■ TASK GOAL
Set down each record below exactly as it stands. Pictures are not part of the copy.

■ RECORDS SUPPLIED
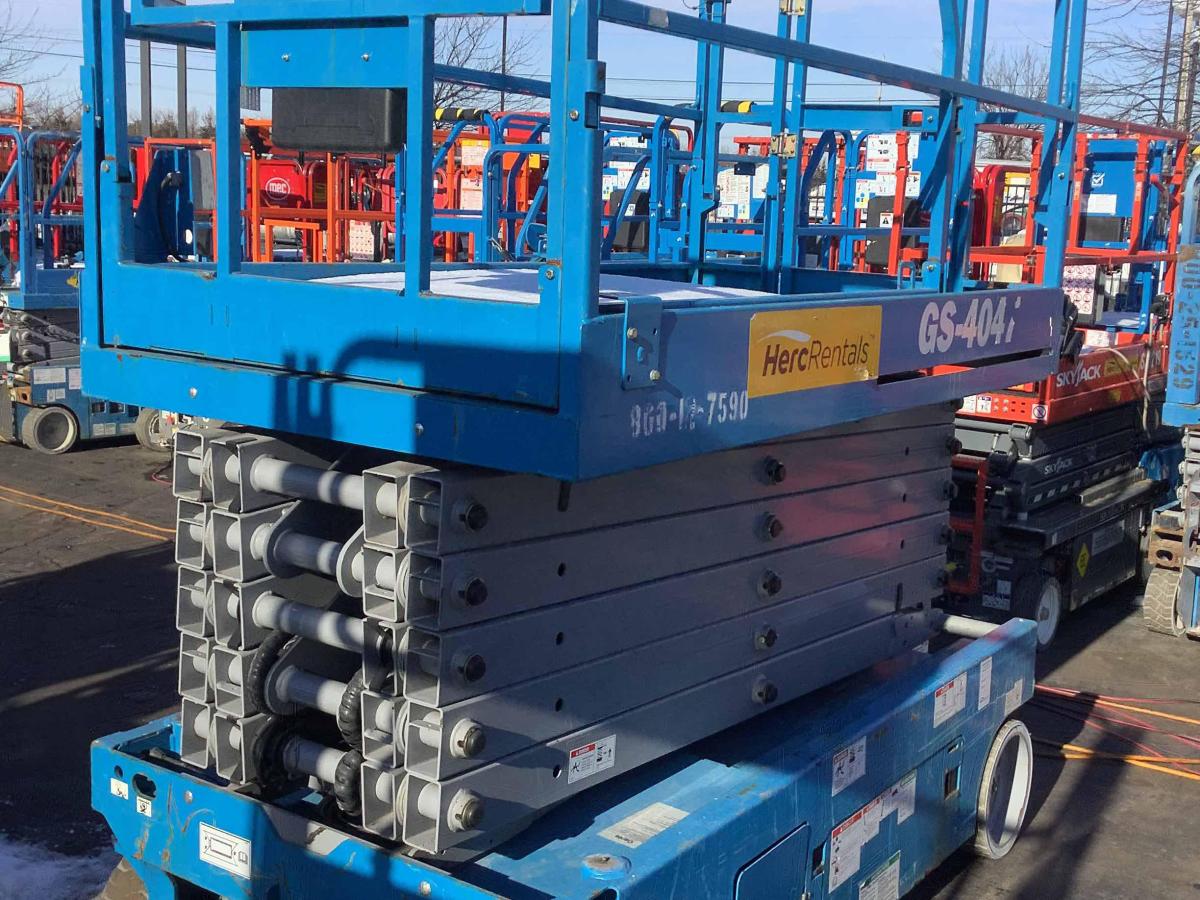 2016 Genie GS-4047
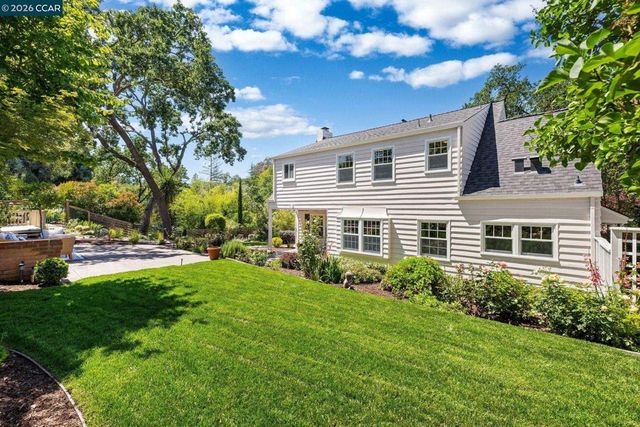 425 Lakewood Cir, Walnut Creek, CA 94598
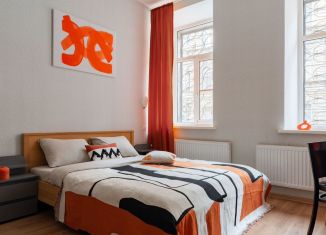 Сдается в аренду 2-ком. квартира, 60 м2, Санкт-Петербург, улица Радищева, 15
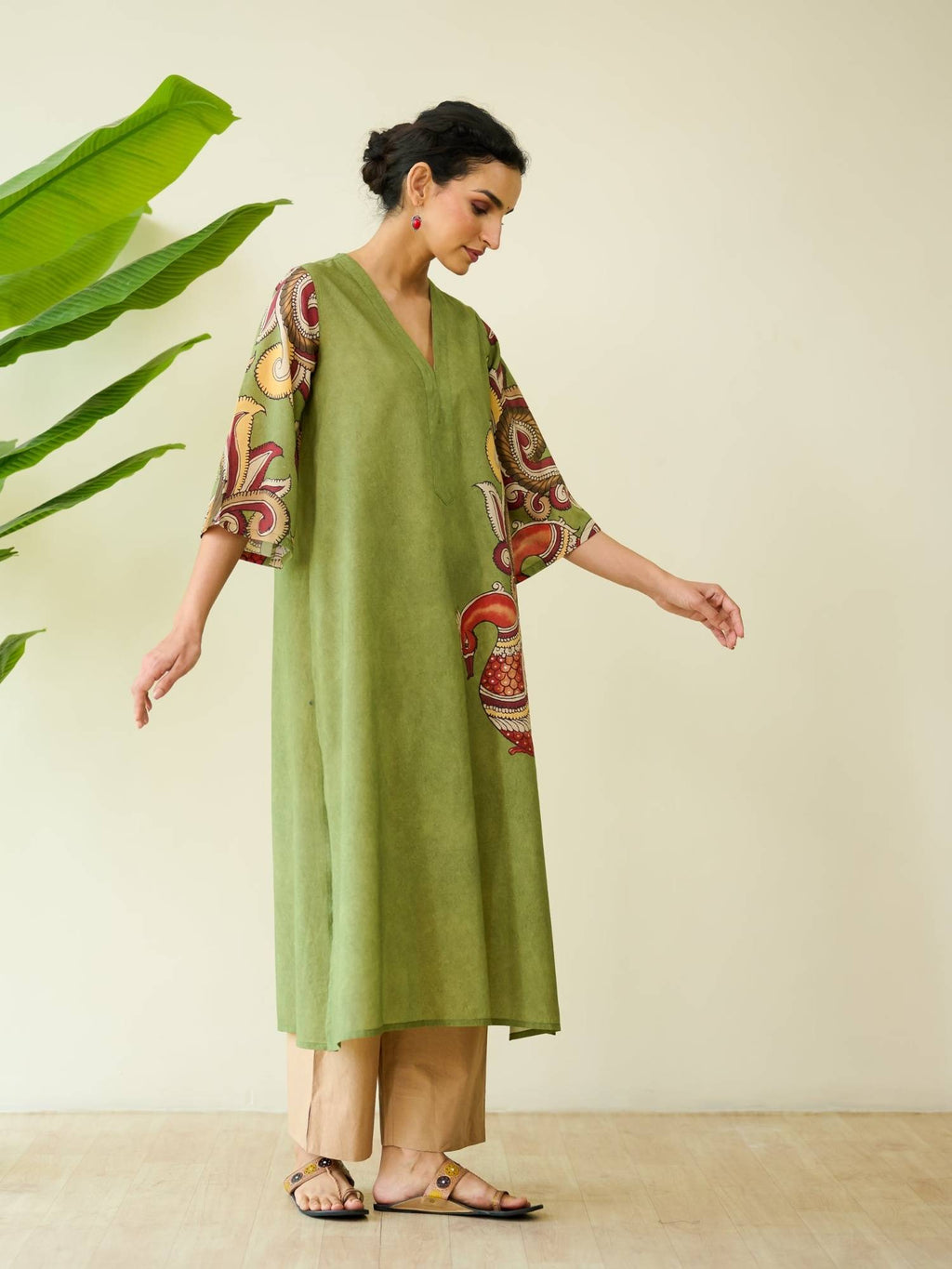 Green Embellished/Sequined Regular Kurta | KDG - view 5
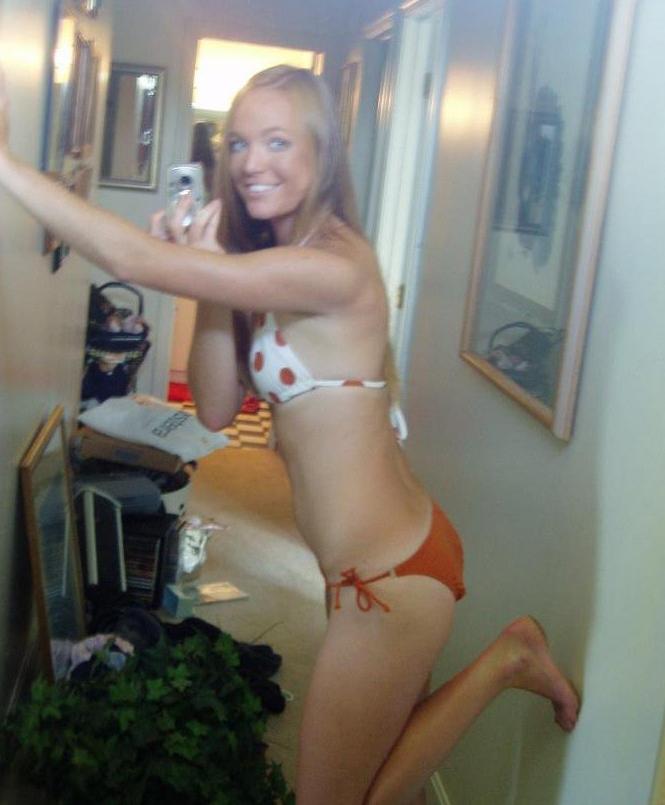 15P Selfshooting and pussy play on the bed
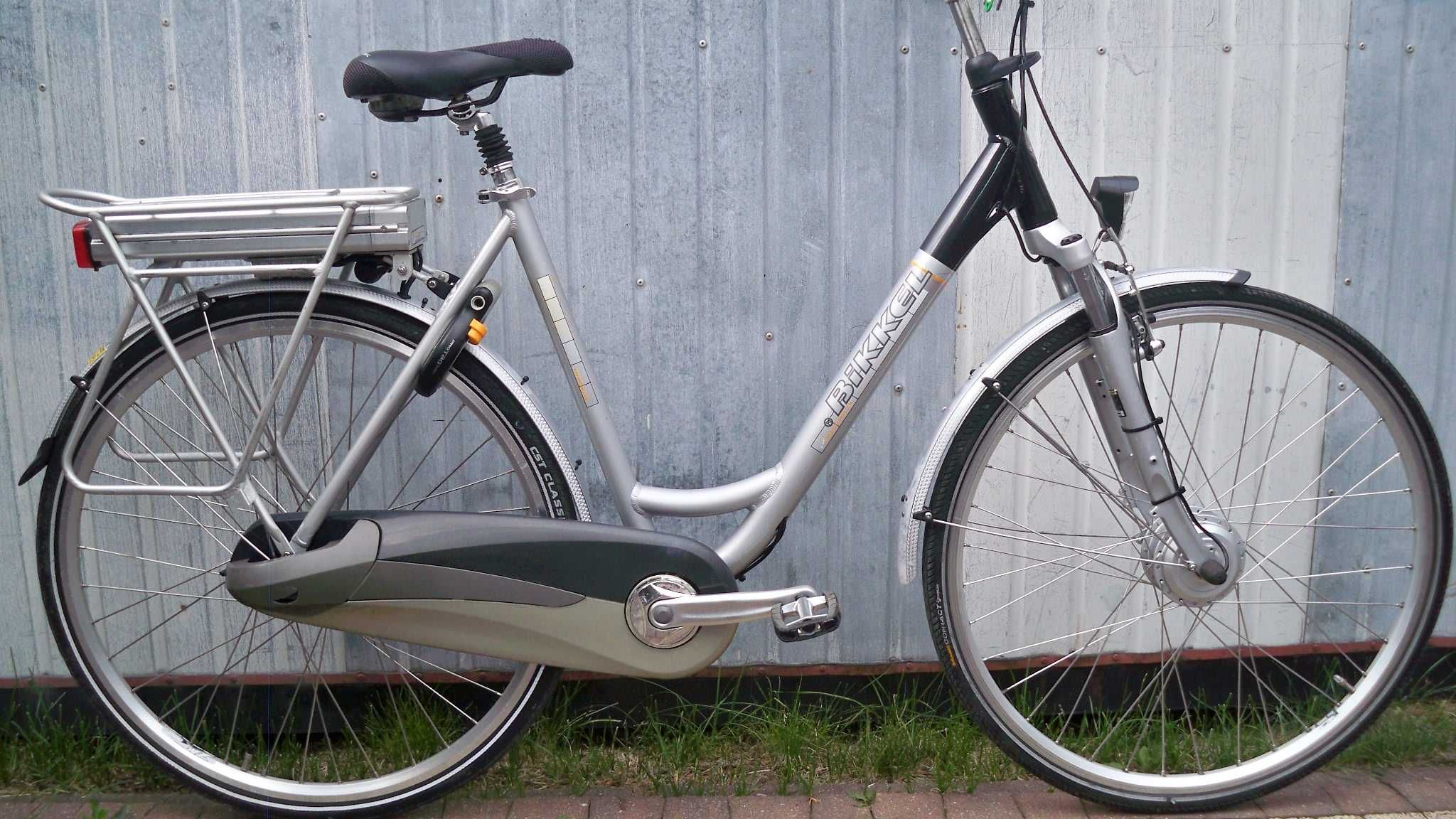 Elektryczny rower BIKKEL rama 54 cm. ALUMINIOWA Nexus 8 koła 28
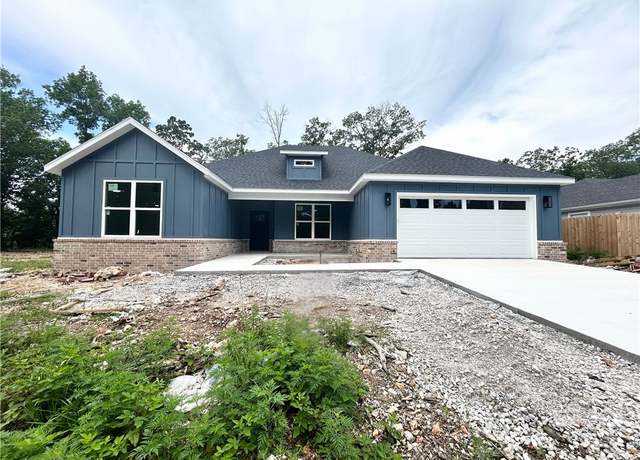Property at 48 Northampton Dr, Bella Vista, AR 72714, 4 beds, 2 baths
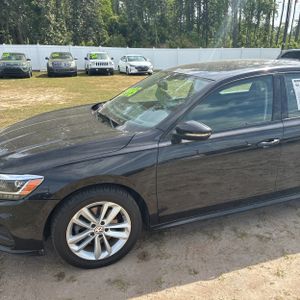 VOLKSWAGEN PASSAT S - 2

■ ANSWER SECTION
 2016 Genie GS-4047
 425 Lakewood Cir, Walnut Creek, CA 94598
 Сдается в аренду 2-ком. квартира, 60 м2, Санкт-Петербург, улица Радищева, 15
 Green Embellished/Sequined Regular Kurta | KDG - view 5
 15P Selfshooting and pussy play on the bed
 Elektryczny rower BIKKEL rama 54 cm. ALUMINIOWA Nexus 8 koła 28
Property at 48 Northampton Dr, Bella Vista, AR 72714, 4 beds, 2 baths
 VOLKSWAGEN PASSAT S - 2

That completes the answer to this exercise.